• What you need to do
Starting with the line that includes "F-14 in Mystical Temple: Fantasy Concept Art", write out every remaining line of the records below exactly as it appears, leaving out any images.
- - - -
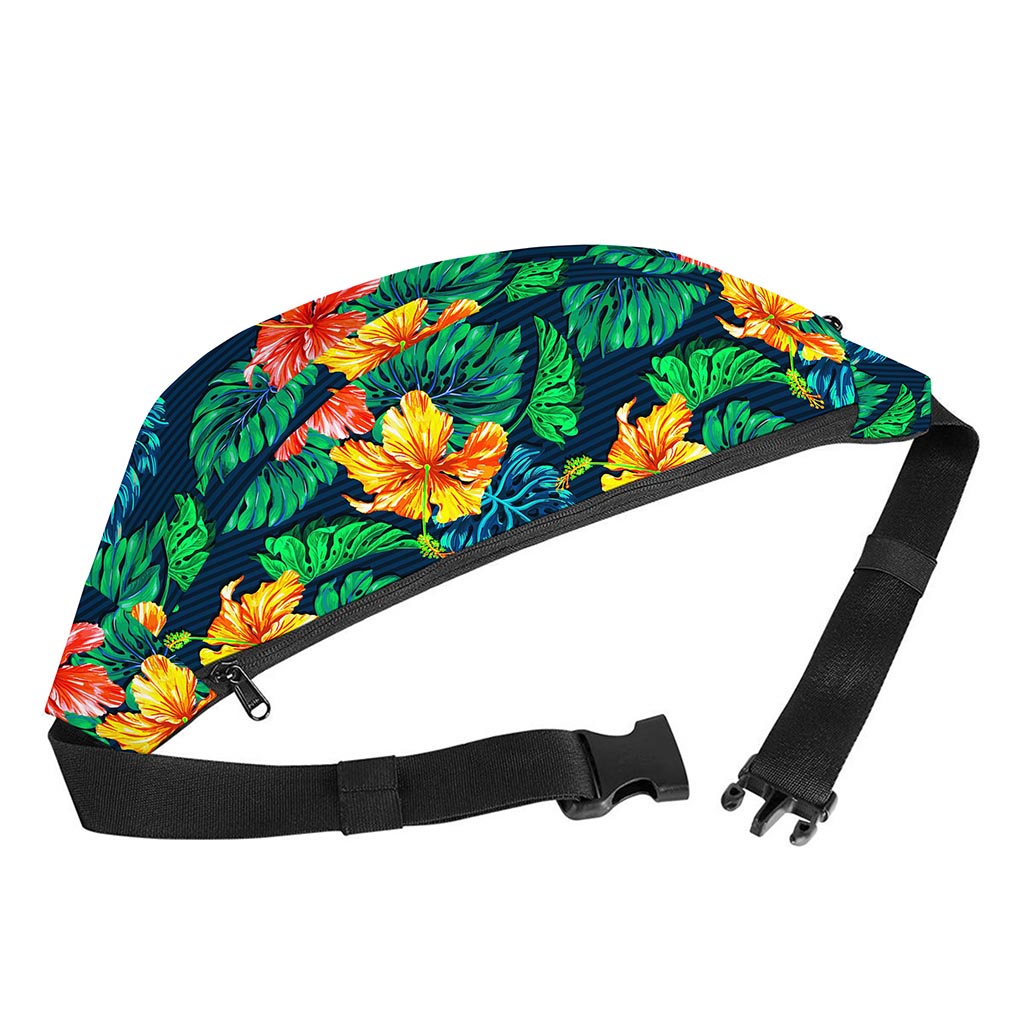 Hibiscus Monstera Hawaii Pattern Print Fanny Pack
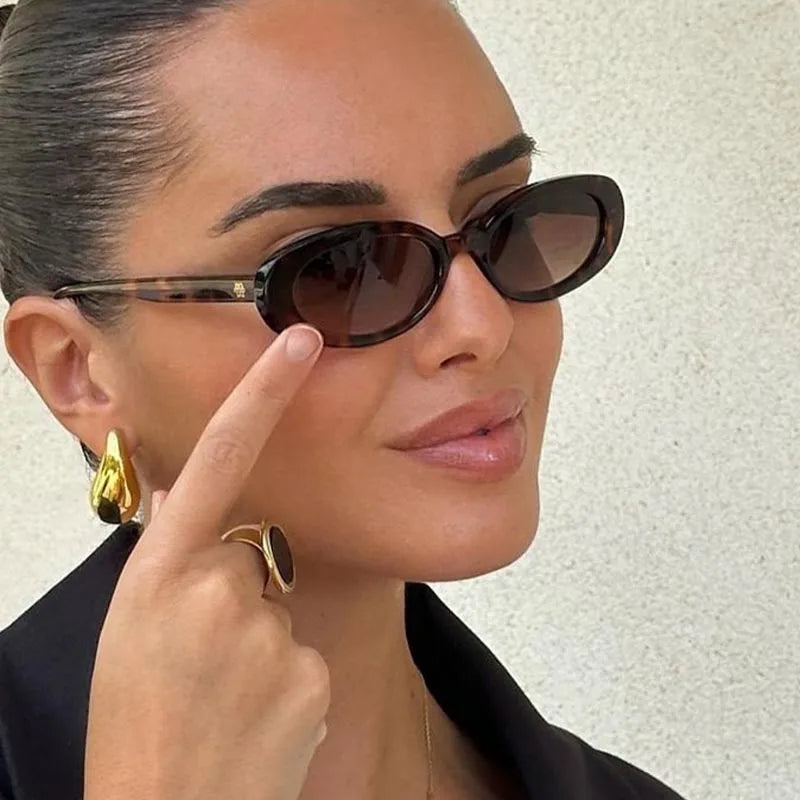 Small Oval Sunglasses for Women Vintage Design Sun glasses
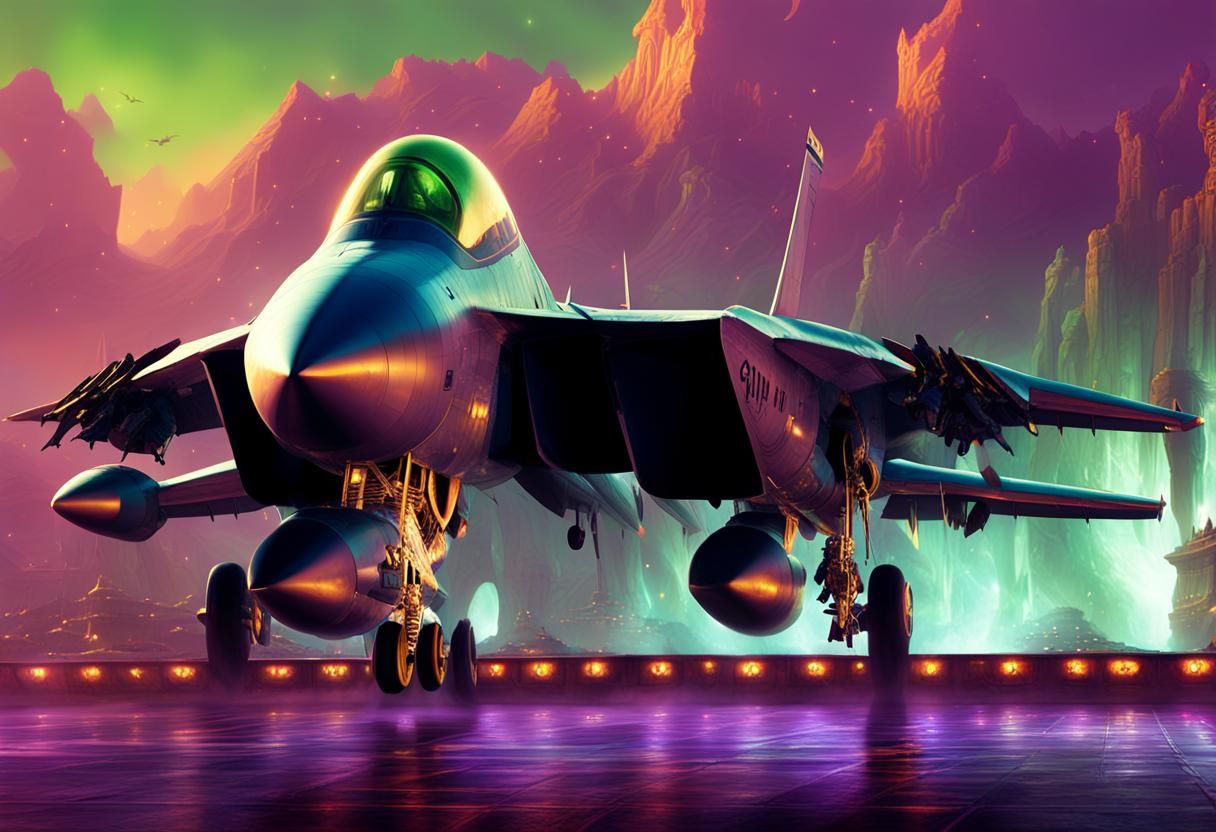 F-14 in Mystical Temple: Fantasy Concept Art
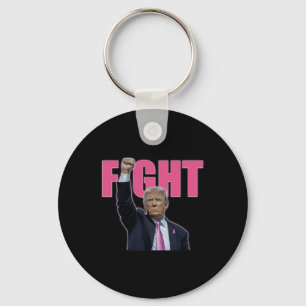 Trump Fight Breast Cancer Awareness Pink Ribbon Su Keychain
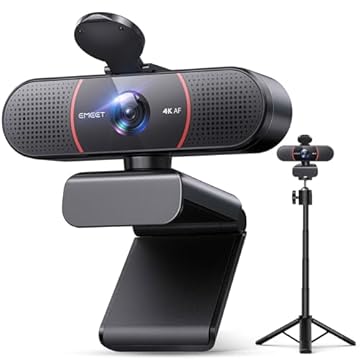 EMEET Webcam C960 4K com tripé, sensor Sony UHD 4K, mini tripé de altura ajustável com capa de privacidade, foco automático PDAF, microfones com cancelamento de ruído duplo, correção automática de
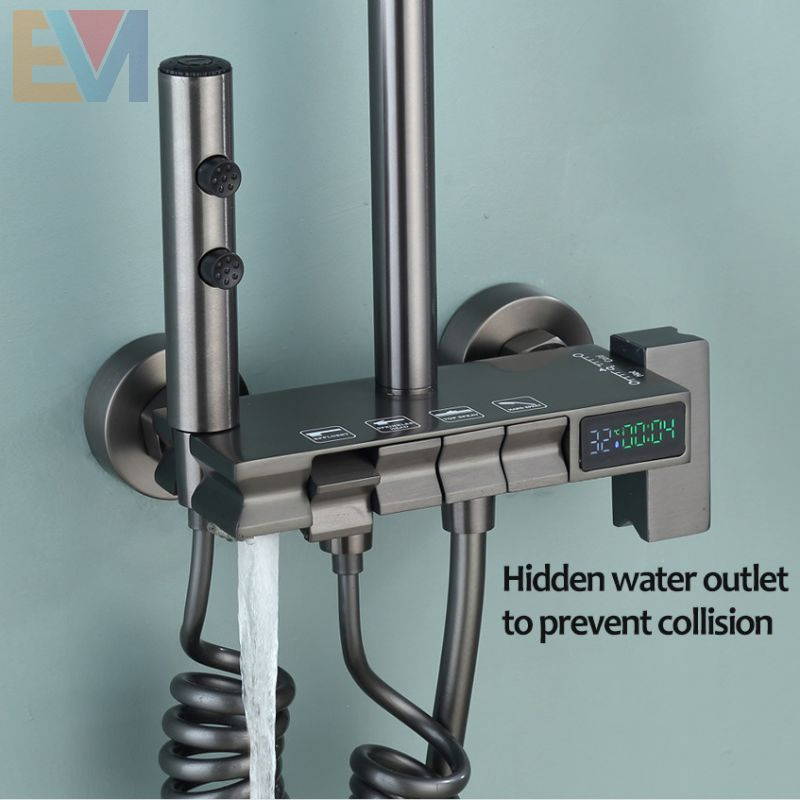 Bathroom Set Black Brass Shower Faucet Hot and Cold Shower System Rain Shower Set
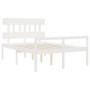 Letto per Anziani con Testiera Bianco 140x190 cm Legno Massello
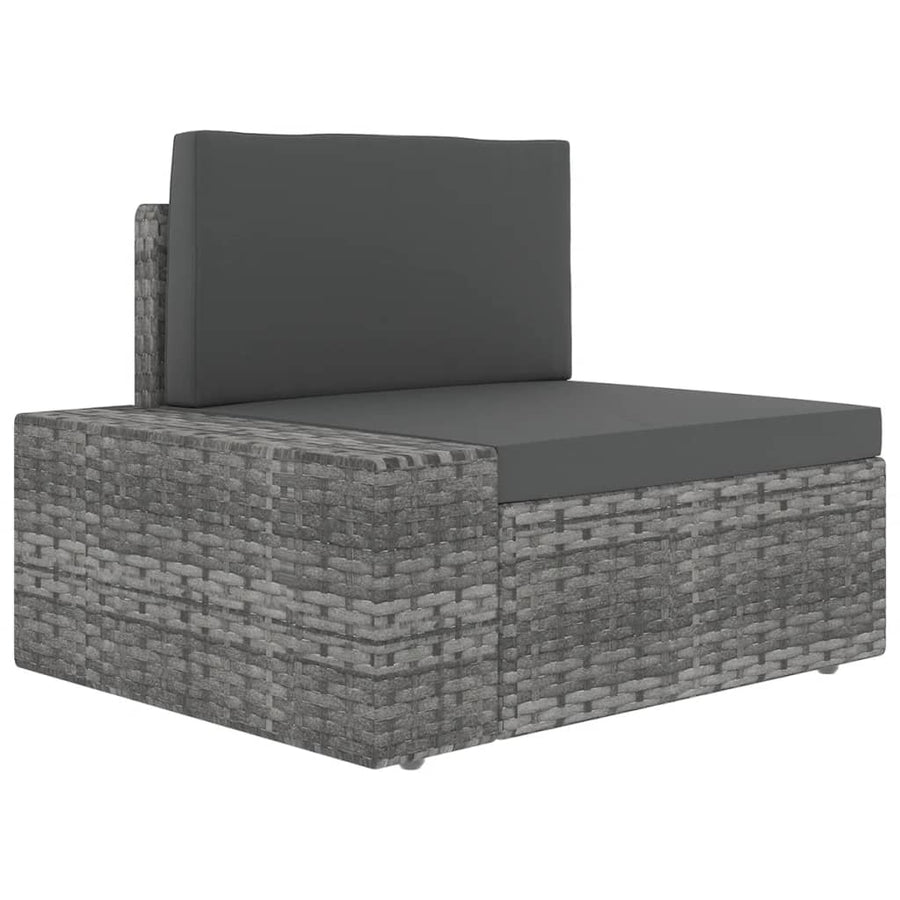 14-delige Loungeset met kussens poly rattan grijs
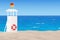 Lifeguard Tower on the Sand Sunny Beach. 3d Rendering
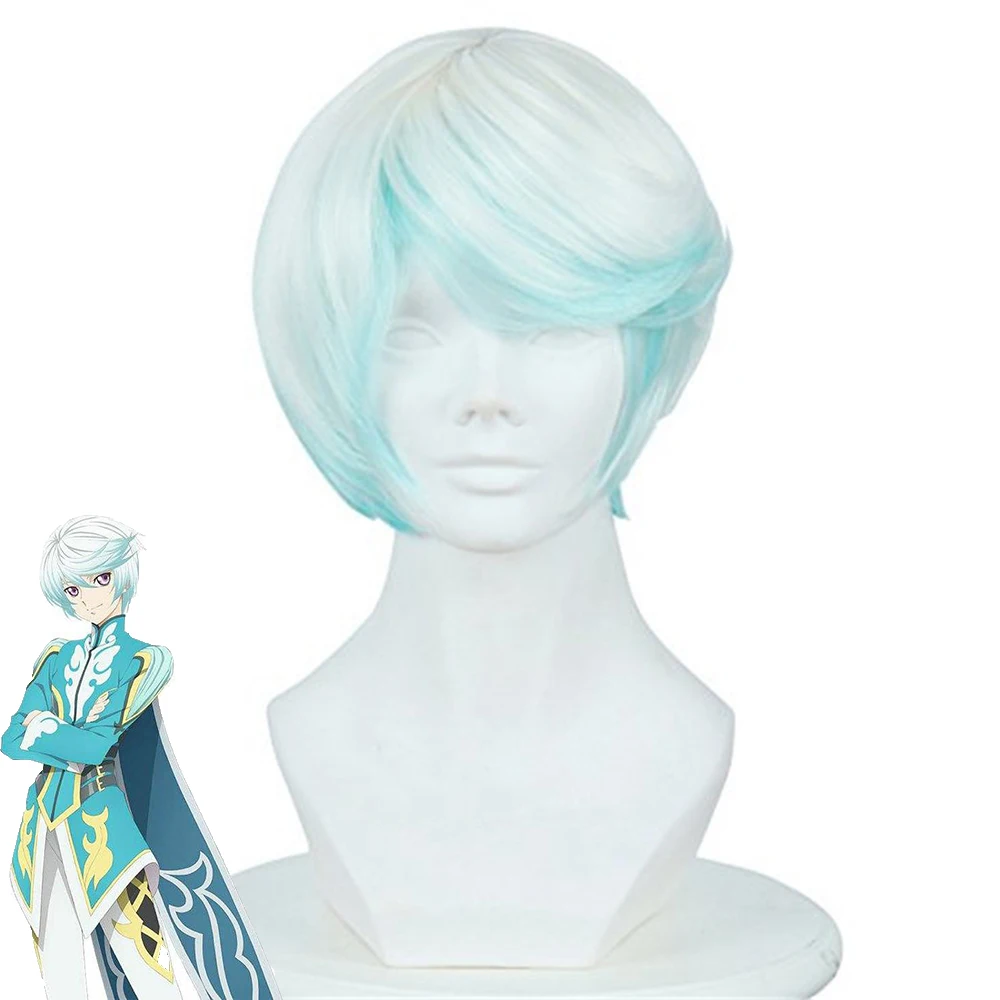 Tales of Zestiria х Mikleo Косплэй парик короткий белый и синий эффектом деграде (переход от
- - - -
• Solution for this task
 F-14 in Mystical Temple: Fantasy Concept Art
 Trump Fight Breast Cancer Awareness Pink Ribbon Su Keychain
 EMEET Webcam C960 4K com tripé, sensor Sony UHD 4K, mini tripé de altura ajustável com capa de privacidade, foco automático PDAF, microfones com cancelamento de ruído duplo, correção automática de
 Bathroom Set Black Brass Shower Faucet Hot and Cold Shower System Rain Shower Set
 Letto per Anziani con Testiera Bianco 140x190 cm Legno Massello
 14-delige Loungeset met kussens poly rattan grijs
 Lifeguard Tower on the Sand Sunny Beach. 3d Rendering
 Tales of Zestiria х Mikleo Косплэй парик короткий белый и синий эффектом деграде (переход от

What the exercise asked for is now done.